Route information
- Length: 124.3 km (77.2 mi)

Major junctions
- From: Km 6.9 of I-7, near Silistra
- To: Km 74.3 of I-9, Obrochishte

Location
- Country: Bulgaria
- Towns: Silistra, Dobrich

Highway system
- Highways in Bulgaria;

= II-71 road (Bulgaria) =

Road in Bulgaria

Republican Road II-71 (Републикански път II-71) is a second-class road in northeastern Bulgaria, running through Silistra and Dobrich Provinces. Its length is 124.3 km.

== Route description ==
The road starts at Km 6.9 of the first class I-7 southeast of the city of Silistra and heads southeast through the region of Dobrudzha in the eastern Danubian Plain.
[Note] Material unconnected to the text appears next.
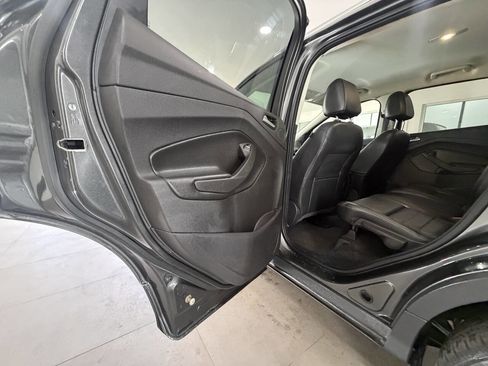 Used 2016 Ford Escape Titanium w/ Equipment Group 301A FWD image 20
It passes through the villages of Bogorovo and Sredishte and 4.4 km after the latter enters Dobrich Province. There the road runs through the villages of Kolartsi, Hitovo and Karapelit, turns east and reaches the northwestern outskirts of the city of Dobrich at Riltsi neighbourhood. As it bypasses the city from the southwest and the south it doubles for a few kilometers with the second class roads of II-27, II-29 and II-97. South of Dobrich the road heads in southern direction through Branishte, Stefanovo and Slaveevo, and at the village of Batovo descends to the deep valley of the river Batova. Following the river valley, the II-71 runs through the village of Tsarkva and reaches its terminus at Km 6.9 of the first class I-9 at the eastern outskirts of the village of Obrochishte on the Bulgarian Black Sea Coast.